Shir Tikvah still independent
By EDWARD HERSHEY
article created on: 2008-10-01T00:00:00
After more than a year of research and deliberation, members of Congregation Shir Tikvah voted overwhelmingly to remain independent.
With 156 adult members voting—84 percent of those of individuals eligible representing 90 percent of Shir Tikvah’s member families—82 percent voted to continue without affiliation with the remainder split about evenly between the other choices on the mail ballot—Reform and Reconstructionist.
“The high voter turnout shows how much our members care about our community,” said Shir Tikvah President Leslie Dolin, “It also indicates to me that people are for the most part satisfied with the way our community is now, but are also interested in Shir Tikvah’s future, and want to help shape it.”
Lay leaders of the 6-year-old east side congregation set out to examine whether to affiliate in 2007 based on two major objectives. First, leaders said, with so many duties falling to those most active in congregational affairs, they wanted to determine if affiliation might bring added resources and support. Then, too, they said, young congregations typically decide whether to affiliate for spiritual, ideological or other reasons after about five years.

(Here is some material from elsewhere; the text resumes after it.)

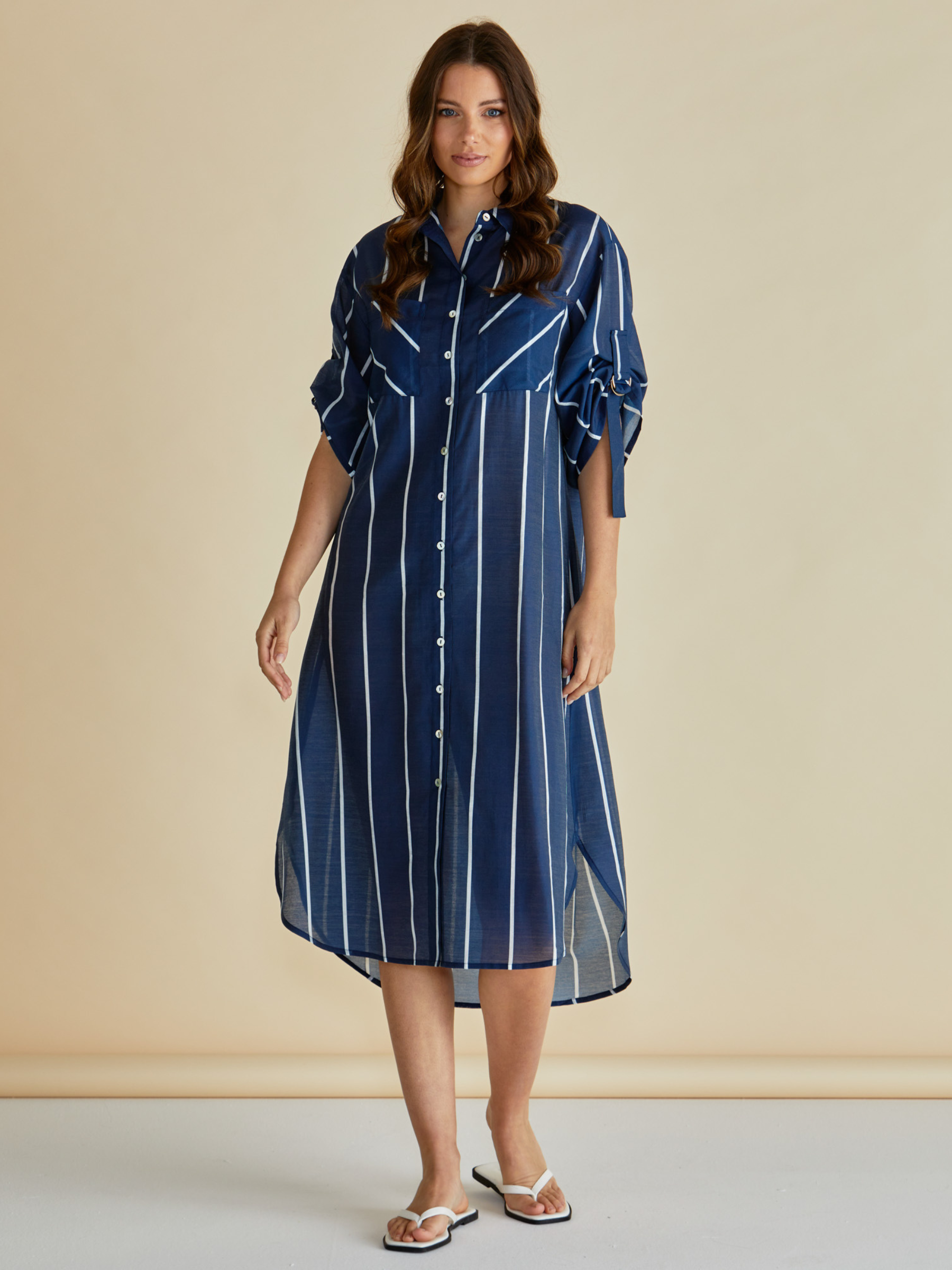 Betty Hayman Shirt Dress with button-through front, adjustable sleeves and relaxed midi silhouette.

A committee was formed to examine all options and eventually narrowed the choice to independence or affiliation with the Reform or Reconstructionist movements, which provided information and dispatched representatives to well-attended meetings at the sanctuary Shir Tikvah shares with the Bridgeport Community Church on Northeast 76th Avenue just north of Northeast Glisan.
The committee also researched what resources and support might be available to an independent congregation and delivered a report to members, who were invited to discuss all options and concerns at yet another meeting before ballots were mailed.

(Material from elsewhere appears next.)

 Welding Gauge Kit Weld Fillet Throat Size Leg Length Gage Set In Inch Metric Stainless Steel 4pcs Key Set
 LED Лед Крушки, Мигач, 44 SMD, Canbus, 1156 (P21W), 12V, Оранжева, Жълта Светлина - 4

“The process of researching, discussing and questioning which preceded the vote was fascinating,” said Rabbi Ariel Stone. “Not being affiliated, coming from different backgrounds of belonging or not, we were able to focus on the question of affiliation as a Jewish communal practice, and determine its value thoughtfully.
“If we did affiliate, what would it articulate about us? If we did not, how else might we meet our ethical responsibilities as participatory members of the larger Jewish world? The process left me once again very happy to be part of a congregation that consciously seeks to be a learning congregation.”
Members were invited to share their thoughts in a voter’s pamphlet mailed to all congregants prior to the election. Thus it became clear even before the votes were tabulated that a significant majority favored continuing on an independent path.
“This vote, and the painstaking process we used to generate it, speaks volumes about who we are as a community,” said one congregant, J. D. Kleinke, an amateur musician who accompanies Stone on guitar and other instruments during worship services. “These results speak of a collective voice at Shir Tikvah that says ‘while we are Jews of all ages, we are a brand new generation of Jews, and we don’t fit into any box you’ve ever heard of.’”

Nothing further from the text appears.